Seth: I think it depends on the organization. I think this is a really good question. It depends on who is responsible for managing the key management service. If it’s a security team and the developers just know that there’s an API that they call to do encryption for them, the security team is likely rotating those keys frequently. They may be rotating them every 30 days or even every two weeks. To developers, every key management API is like encrypt this piece of data, and it automatically uses the most recent key. If the developers are controlling those keys on the other hand, especially if they’re not super security conscious, it might not be as regular. There might be like a geo-ticker that’s in the backlog somewhere that’s like, “Go rotate that key.”
This is why like specifically on Google, we actually have automated rotation for our keys, so you can set up basically – I like to consider it like a crown job that sits within KMS that’s like, “Rotate this key every 90 days,” and it will just automatically rotate it. Then that brings up the other side of it, which is you have all this old data that’s encrypted with kind of an older version of the key. How do you upgrade it?
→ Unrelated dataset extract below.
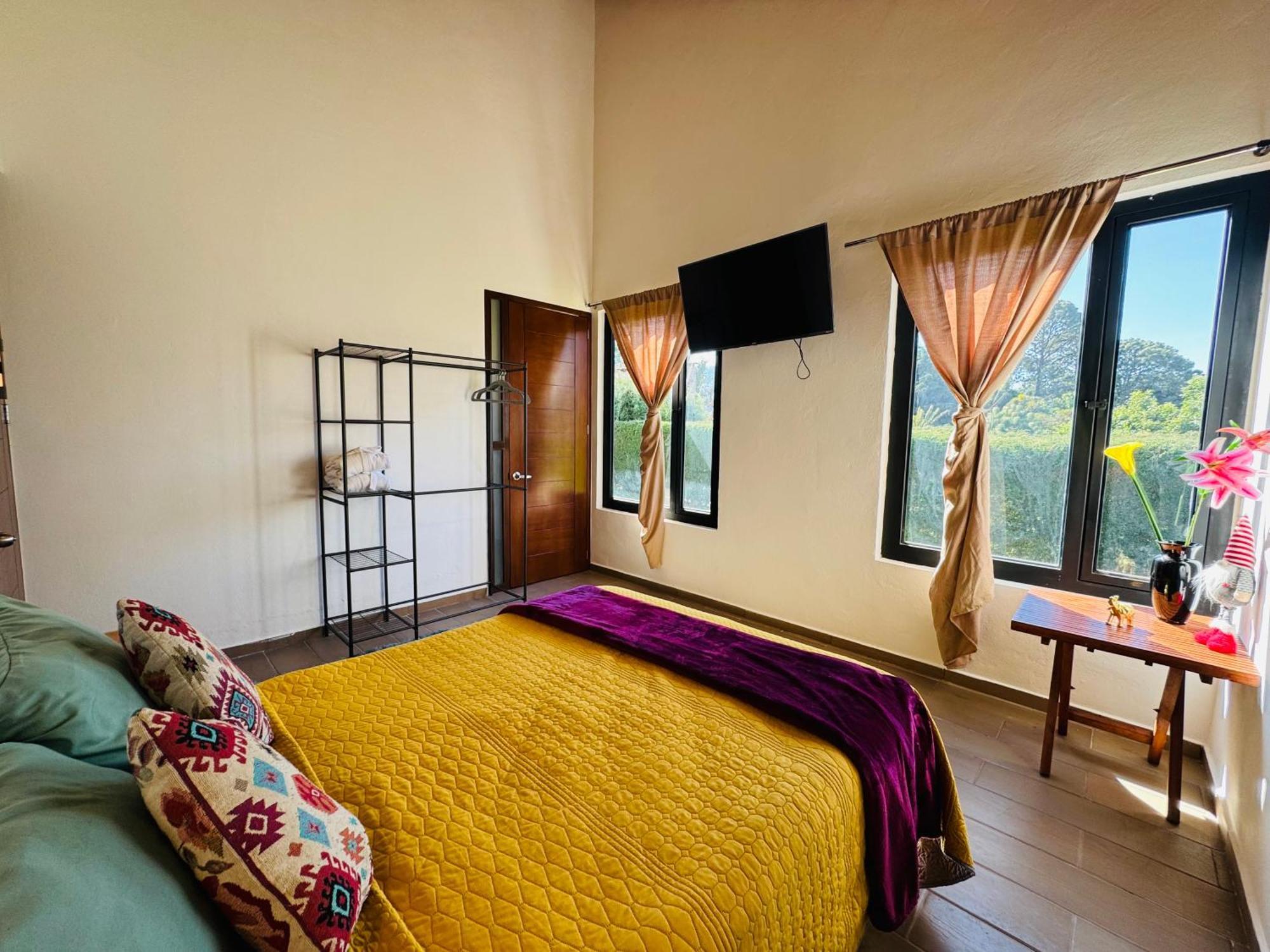 Encino House Hotel Boutique Valle de Bravo Buitenkant foto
This is where the other side of security that we don’t do a lot of talking about comes in, which is auditing and logging and reporting on that data.
Even with all of the protections we put in place in the talk that I’m giving, there’s still a security vector, right? There’s still a threat model, or an attacker could gain access for a very short period of time, and the only way that we can really deal with that moving forward is to detect it and respond to it appropriately. That’s where auditing and logging and more recently, anomaly detection is coming in, which is, especially if you work in a larger company that has a lot of data, feeding that into a system that analyzes when the secrets are being accessed, from which applications and services they’re being accessed.
Whenever something doesn’t look right, firing an alert and saying, “Hey! This doesn’t feel appropriate. Someone should take a look at this.” The same way that a big spike in memory usage might flag someone on the site reliability engineering team, we do the same for the security team.
Guy: I think, definitely, we need to kind of track them, and I guess back to your point about security not being binary, right? You just have to reduce the attack possibilities, so the attack surface or the likelihood of a compromise. How much is this is serverless? You use serverless as your example, right? You use KMS in this storyline. You should write a book about it. How much of this is different to serverless specific, or is different in serverless versus a containerized environment?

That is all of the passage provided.